Best-selling author Anne Rice, who gained fame for her dark, gothic novels—including 1976's Interview With the Vampire—discusses her return to faith with a new spiritual memoir Called Out of Darkness.

Gloria: Your story is incredibly intriguing so I’d love to dig around in your brain about all that is happening. You were famous and successful from any outsider’s view, and you had a whole entourage of publishers, assistants and all kinds of advantages. What happened in your personal story to precipitate such a major change in your life and in your work?

Anne: Well, it was personal conversion. In 1998, Christian faith came back to me and I went back to my church. And that was really what prompted me to change. I went on for a short time still writing the older books, but they had more and more Christian content. And finally in 2002, I decided I would write only books that reflected my Christian outlook and they would all be dedicated to the Lord. It was really, just a very personal, wonderful conversion for which I was very thankful.

Gloria: Was there anything before that moment that drove you back?

Anne: No, there really wasn’t. You know, one of the things that I need to stress about my return is that it wasn’t hooked to any particular loss or any particular event. It was nothing like that. I left the church when I was 18, and it was really an intellectual break and a loss of faith. I was a young college student and I wanted to know all about the world and so forth. And I went back as the result of a great deal of reading, searching, questioning—and also just realizing that I wasn’t an atheist—that I really did believe in God and I wanted to go back to church. I felt an overwhelming love for God and an overwhelming desire to return to the community of my childhood church which was a Catholic church. Really the main thing I remember was just finally no longer being able to fool myself that I was an atheist.
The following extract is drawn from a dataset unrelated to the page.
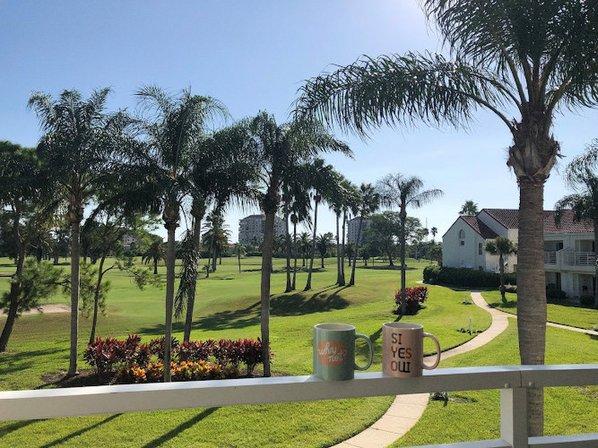 Isla Del Sol St.Petersburg Vacation Condo Rentals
I had been convinced that being an atheist was facing reality, dealing with the truth no matter how harsh it was, and I really didn’t believe…I guess I can say my faith in atheism broke down. I realized that this world was made by a loving God and that there was evidence in history and in the physical world, and my return was just one afternoon. I called my assistant and said, “Do you know a priest that I could talk to?” And she said, “Yes, I do.” And she called back in a few minutes and said, “He’s there now.” I went to the church and talked to him for about two hours and went to confession, and I was back in the fold. It was really a wonderful, wonderful turning point. But the really big moment for me was in 2002 when I was sitting in church and I decided that I was going to write only for the Lord. That really was the moment when my whole life shifted.
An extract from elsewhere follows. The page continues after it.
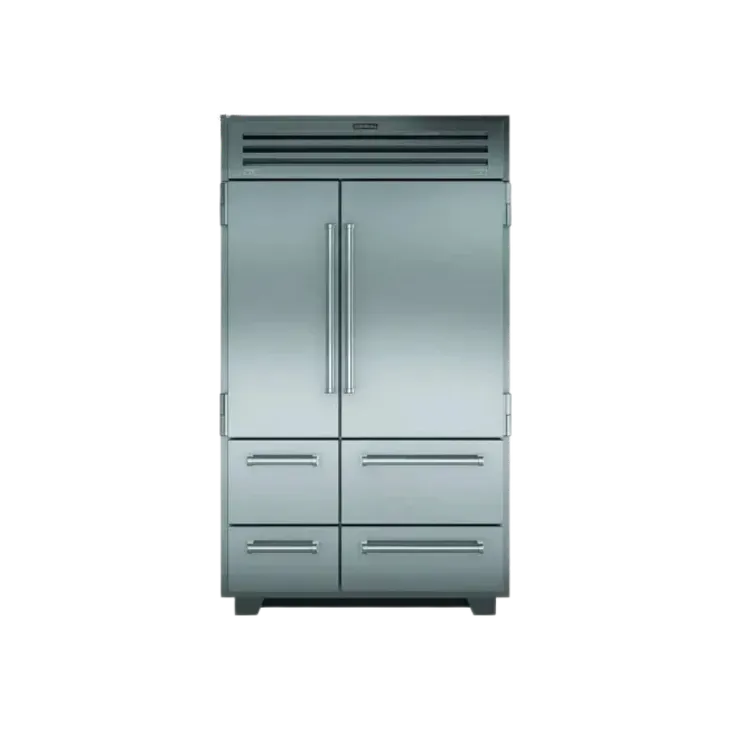 Sub Zero PRO Series Refrigerator Repair NYC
Gloria: In your new book, Called Out of Darkness, there’s a paragraph that I think is so universal with people who are starting a new or a return journey to faith. You talk about negotiating with God and you write, “One Saturday afternoon everything changed. I was seated in the pew and going through the great negotiation—what I would give and what I didn’t want to give and what God wanted me to give...” You’re trading out the fear of what He was going to ask you to do. In this whole section of your memoir it sounds as if you are coming to a new realization that you don’t have to buy God’s approval by doing something incredibly good.
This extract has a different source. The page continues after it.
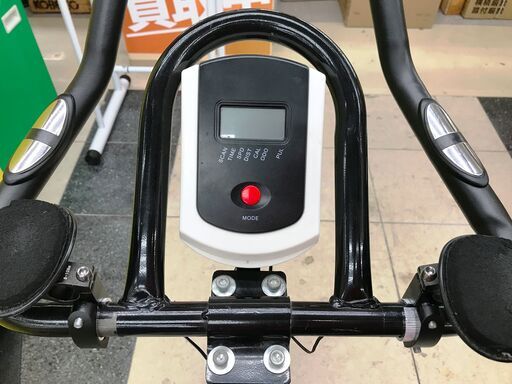 引取限定】EXCEED ルームランナー EX14【小倉南区葛原東】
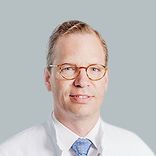 Porträt Prof. Dr. med. Kai Balzer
Anne: I think it was the opposite. What I realized was that I wasn’t giving Him everything—that I was holding back. And I felt that I had to be able to give Him everything. If He really was the Maker of the universe—the Creator, the Lord, the Savior—how could I hold back? How could I say, “Well, I’m writing these books now. Really it’s not clear that I’m a Christian in these books, but it’s OK.” I realized that that didn’t work anymore. I had to say to Him, “Look, I’m going to put all my gifts—whatever I have—in Your service.” I was thinking more of the passage in Scripture where He says, “Go sell all you have, give it to the poor and come follow me if you would be perfect.” That’s what I was thinking about, and I was realizing how far short I fell from that by not giving Him my writing. And I resolved that from then on I would write only for Him. I would not write anything that did not reflect my world view as a Christian. And really my world view had always been central to my work. When I was writing about vampires I was writing about my own despair and the feeling of being lost and my own darkness. That’s why I called the book Called Out of Darkness. As a Christian I thought, “I have to start reflecting my beliefs. I have to start standing up for my beliefs in my books. I have to start letting these books which have always been about me be about the Christian me. They can’t be the old books anymore.” And so that’s what I was telling God—“I’m going to stop negotiating with what You demand, and I’m going to start admitting it.”